(Stored dataset items)
BEGIN
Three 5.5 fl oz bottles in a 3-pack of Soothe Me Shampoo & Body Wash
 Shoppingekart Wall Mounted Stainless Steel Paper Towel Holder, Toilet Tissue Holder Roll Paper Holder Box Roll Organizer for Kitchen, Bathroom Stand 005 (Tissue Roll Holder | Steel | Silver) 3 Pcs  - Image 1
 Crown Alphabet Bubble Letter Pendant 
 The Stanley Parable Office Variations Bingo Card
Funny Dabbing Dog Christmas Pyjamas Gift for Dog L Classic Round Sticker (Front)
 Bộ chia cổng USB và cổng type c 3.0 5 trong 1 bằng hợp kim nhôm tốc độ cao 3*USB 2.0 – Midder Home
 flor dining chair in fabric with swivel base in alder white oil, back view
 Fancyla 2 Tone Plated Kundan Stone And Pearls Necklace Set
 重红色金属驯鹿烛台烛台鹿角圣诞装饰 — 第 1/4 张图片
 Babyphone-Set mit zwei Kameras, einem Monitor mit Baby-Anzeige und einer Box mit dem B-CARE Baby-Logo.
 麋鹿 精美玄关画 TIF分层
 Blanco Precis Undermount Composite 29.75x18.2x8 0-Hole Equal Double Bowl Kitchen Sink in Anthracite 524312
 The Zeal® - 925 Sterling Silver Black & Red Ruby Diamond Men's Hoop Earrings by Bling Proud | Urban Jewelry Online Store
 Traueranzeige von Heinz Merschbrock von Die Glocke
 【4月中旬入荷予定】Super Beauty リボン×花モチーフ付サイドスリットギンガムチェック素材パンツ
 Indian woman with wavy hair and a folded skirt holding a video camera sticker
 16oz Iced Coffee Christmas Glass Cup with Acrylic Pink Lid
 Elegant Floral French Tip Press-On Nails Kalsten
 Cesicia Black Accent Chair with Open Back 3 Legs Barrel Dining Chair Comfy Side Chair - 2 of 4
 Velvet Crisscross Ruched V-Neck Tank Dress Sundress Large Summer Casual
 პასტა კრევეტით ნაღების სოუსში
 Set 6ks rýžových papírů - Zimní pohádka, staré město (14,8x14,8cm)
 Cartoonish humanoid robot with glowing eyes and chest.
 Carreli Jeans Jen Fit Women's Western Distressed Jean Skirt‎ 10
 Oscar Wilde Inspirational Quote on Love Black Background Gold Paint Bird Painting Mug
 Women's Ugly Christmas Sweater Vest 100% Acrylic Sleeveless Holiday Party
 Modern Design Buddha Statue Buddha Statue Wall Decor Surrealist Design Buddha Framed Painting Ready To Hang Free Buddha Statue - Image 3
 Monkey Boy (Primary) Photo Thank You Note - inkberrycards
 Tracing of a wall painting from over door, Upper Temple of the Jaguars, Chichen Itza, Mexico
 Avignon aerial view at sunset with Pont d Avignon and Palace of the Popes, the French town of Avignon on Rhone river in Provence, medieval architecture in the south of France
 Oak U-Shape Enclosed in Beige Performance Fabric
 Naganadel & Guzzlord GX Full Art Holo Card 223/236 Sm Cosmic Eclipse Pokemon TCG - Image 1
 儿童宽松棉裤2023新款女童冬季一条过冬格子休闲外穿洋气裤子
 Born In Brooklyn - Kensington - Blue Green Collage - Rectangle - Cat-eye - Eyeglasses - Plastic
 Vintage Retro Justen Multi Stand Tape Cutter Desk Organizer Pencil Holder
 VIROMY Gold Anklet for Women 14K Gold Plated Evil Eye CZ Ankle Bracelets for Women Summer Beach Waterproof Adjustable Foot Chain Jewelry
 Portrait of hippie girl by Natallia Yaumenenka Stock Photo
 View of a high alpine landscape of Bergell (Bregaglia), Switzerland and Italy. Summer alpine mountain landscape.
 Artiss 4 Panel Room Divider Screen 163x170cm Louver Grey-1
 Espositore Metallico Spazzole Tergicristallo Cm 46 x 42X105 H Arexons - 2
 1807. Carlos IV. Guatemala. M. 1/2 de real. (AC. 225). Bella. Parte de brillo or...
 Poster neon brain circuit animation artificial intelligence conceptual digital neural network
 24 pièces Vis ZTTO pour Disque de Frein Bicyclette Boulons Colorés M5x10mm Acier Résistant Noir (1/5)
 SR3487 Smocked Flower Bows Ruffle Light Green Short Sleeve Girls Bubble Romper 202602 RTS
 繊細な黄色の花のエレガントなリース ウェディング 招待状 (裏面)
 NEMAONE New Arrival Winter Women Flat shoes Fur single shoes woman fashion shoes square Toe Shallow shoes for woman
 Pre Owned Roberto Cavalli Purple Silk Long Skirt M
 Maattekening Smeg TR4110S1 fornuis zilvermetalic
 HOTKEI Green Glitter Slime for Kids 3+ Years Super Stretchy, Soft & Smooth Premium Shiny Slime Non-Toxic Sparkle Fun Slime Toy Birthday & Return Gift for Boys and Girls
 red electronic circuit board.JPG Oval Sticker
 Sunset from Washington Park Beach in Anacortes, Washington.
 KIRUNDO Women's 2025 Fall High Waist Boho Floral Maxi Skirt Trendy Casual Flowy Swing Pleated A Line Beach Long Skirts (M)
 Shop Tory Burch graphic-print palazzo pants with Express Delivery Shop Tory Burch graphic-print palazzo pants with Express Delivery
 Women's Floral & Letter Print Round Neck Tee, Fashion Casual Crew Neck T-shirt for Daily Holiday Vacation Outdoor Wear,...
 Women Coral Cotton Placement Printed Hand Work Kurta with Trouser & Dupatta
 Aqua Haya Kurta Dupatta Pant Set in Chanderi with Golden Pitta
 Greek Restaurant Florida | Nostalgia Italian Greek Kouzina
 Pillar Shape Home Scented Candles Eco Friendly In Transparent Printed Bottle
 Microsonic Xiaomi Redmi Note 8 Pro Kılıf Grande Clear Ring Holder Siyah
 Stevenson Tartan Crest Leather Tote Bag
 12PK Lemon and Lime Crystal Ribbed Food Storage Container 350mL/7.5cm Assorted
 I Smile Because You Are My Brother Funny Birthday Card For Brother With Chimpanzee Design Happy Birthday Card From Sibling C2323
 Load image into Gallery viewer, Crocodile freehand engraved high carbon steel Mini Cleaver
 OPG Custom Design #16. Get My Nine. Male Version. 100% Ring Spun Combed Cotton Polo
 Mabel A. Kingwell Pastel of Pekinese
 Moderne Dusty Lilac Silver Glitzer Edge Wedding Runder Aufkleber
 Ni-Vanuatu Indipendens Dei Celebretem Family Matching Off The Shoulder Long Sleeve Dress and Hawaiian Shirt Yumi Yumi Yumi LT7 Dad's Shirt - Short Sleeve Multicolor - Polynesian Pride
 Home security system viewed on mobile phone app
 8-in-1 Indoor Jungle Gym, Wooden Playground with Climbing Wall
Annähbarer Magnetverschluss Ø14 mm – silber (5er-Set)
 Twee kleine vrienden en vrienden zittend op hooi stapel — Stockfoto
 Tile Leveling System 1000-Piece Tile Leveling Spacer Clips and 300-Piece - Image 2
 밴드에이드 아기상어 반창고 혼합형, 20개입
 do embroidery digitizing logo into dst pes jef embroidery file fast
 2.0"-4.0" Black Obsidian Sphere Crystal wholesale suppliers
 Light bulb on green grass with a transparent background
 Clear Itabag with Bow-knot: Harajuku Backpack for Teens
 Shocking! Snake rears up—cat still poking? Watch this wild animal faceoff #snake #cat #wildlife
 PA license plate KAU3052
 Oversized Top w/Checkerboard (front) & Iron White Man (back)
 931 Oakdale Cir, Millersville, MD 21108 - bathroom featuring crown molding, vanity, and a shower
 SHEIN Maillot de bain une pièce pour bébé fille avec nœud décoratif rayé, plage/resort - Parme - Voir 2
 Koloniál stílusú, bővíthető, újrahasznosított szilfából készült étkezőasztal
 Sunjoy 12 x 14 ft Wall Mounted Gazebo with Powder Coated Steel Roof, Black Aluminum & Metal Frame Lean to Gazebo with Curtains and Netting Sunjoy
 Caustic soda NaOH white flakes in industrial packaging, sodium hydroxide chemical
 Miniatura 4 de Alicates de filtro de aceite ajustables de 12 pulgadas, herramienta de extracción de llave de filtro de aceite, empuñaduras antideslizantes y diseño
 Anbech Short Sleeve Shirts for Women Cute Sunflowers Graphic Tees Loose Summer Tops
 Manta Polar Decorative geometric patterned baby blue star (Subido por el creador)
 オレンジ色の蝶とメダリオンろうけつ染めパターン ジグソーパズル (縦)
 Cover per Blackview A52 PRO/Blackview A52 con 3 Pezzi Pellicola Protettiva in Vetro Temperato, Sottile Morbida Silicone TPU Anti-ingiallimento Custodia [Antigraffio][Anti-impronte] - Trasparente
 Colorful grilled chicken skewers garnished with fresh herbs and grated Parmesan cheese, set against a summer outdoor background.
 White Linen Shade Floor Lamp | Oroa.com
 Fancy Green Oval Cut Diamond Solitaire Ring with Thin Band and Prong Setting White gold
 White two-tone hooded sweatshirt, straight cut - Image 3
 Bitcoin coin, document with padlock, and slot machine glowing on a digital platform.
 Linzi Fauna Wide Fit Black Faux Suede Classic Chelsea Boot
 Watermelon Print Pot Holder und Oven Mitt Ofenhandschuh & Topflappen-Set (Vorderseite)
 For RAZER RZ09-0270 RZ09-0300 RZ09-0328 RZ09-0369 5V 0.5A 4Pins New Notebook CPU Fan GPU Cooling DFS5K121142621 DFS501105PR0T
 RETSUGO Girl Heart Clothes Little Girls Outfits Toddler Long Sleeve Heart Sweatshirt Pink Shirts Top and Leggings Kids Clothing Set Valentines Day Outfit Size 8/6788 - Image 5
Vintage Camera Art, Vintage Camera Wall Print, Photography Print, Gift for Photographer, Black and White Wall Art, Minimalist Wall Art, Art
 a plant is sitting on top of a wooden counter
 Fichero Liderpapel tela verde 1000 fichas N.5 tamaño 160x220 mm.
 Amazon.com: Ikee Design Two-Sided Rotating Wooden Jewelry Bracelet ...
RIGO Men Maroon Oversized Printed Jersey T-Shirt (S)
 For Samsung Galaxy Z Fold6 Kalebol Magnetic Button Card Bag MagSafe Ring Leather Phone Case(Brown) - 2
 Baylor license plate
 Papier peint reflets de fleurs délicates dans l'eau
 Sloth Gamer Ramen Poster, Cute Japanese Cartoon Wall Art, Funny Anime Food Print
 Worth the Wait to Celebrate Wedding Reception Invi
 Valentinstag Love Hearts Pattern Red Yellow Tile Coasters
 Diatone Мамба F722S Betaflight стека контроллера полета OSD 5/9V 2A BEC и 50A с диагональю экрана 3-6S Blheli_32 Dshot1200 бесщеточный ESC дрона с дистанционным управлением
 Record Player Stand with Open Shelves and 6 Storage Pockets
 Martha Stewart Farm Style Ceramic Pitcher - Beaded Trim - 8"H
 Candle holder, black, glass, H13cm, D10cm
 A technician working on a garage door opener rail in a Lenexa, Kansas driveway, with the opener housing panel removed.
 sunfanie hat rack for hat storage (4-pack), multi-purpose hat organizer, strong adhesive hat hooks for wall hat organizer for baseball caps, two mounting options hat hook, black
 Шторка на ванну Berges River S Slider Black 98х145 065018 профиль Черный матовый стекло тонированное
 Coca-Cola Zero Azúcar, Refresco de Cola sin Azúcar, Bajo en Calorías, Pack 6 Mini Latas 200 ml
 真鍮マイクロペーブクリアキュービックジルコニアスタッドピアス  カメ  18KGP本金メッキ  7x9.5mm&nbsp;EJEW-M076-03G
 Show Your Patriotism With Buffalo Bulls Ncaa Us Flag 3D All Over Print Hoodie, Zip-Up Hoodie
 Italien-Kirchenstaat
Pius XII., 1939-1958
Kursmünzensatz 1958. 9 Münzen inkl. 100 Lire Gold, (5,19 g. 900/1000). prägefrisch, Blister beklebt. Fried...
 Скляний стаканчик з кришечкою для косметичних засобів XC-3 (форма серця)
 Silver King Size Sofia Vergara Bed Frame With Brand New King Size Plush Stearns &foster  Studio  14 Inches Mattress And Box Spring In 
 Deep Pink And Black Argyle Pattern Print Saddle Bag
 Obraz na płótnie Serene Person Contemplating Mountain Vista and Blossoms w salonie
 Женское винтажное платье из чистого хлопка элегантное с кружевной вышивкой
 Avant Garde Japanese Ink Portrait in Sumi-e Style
END
• _EXERCISE_: Write down, word for word, the lines above from the one containing "Babyphone-Set mit zwei" through the one containing "Cesicia Black Accent", both ends included.

• _RESULT_:
 Babyphone-Set mit zwei Kameras, einem Monitor mit Baby-Anzeige und einer Box mit dem B-CARE Baby-Logo.
 麋鹿 精美玄关画 TIF分层
 Blanco Precis Undermount Composite 29.75x18.2x8 0-Hole Equal Double Bowl Kitchen Sink in Anthracite 524312
 The Zeal® - 925 Sterling Silver Black & Red Ruby Diamond Men's Hoop Earrings by Bling Proud | Urban Jewelry Online Store
 Traueranzeige von Heinz Merschbrock von Die Glocke
 【4月中旬入荷予定】Super Beauty リボン×花モチーフ付サイドスリットギンガムチェック素材パンツ
 Indian woman with wavy hair and a folded skirt holding a video camera sticker
 16oz Iced Coffee Christmas Glass Cup with Acrylic Pink Lid
 Elegant Floral French Tip Press-On Nails Kalsten
 Cesicia Black Accent Chair with Open Back 3 Legs Barrel Dining Chair Comfy Side Chair - 2 of 4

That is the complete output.